Korean name
- Hangul: 주초역
- Hanja: 朱草驛
- Revised Romanization: Jucho-yeok
- McCune–Reischauer: Chuch'o-yŏk

General information
- Location: Chuch'o-rodongjagu, Musan, North Hamgyŏng North Korea
- Coordinates: 42°11′12″N 129°19′18″E﻿ / ﻿42.1868°N 129.3218°E
- Owner: Korean State Railway

History
- Opened: 15 November 1929

Services
| Preceding station | Korean State Railway |  |  | Following station |
| Ch'ŏlsong Ch'ŏngnyŏn towards Musan |  | Musan Line |  | West P'ungsan towards Komusan |

Location

= Chucho station =

Railway station in North Korea

Chuch'o station is a railway station in Chucho'o-rodongjagu, Musan county, North Hamgyŏng province, North Korea, on the Musan Line of the Korean State Railway.

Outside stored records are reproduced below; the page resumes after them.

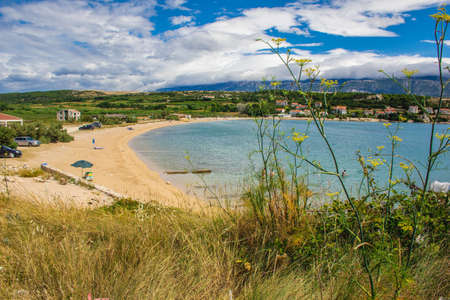 Novalja, Pag Island, Croatia - July 23 2018: Wild landscape and beach near Novalja.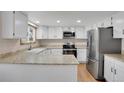 Eat-in kitchen features stainless steel appliances, bright white cabinets, and granite countertops at 5603 S Pagosa Ct, Centennial, CO 80015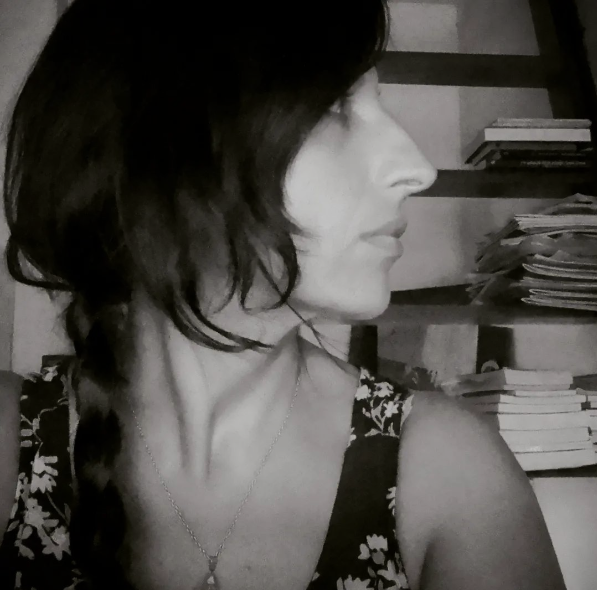 Black and white side profile of a woman with dark hair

It was opened, along with the rest of the Sinch'am–Musan section of the Musan line, on 15 November 1929.

Local passenger trains running between Musan and Ch'ŏngjin on the southern junction of the Hambuk and P'yŏngra lines serve this station, and there are several daily commuter trains for workers and students between Musan and Komusan. In addition, two daily pairs of local trains, 662/663 and 668/669, operate between Musan and Chuch'o.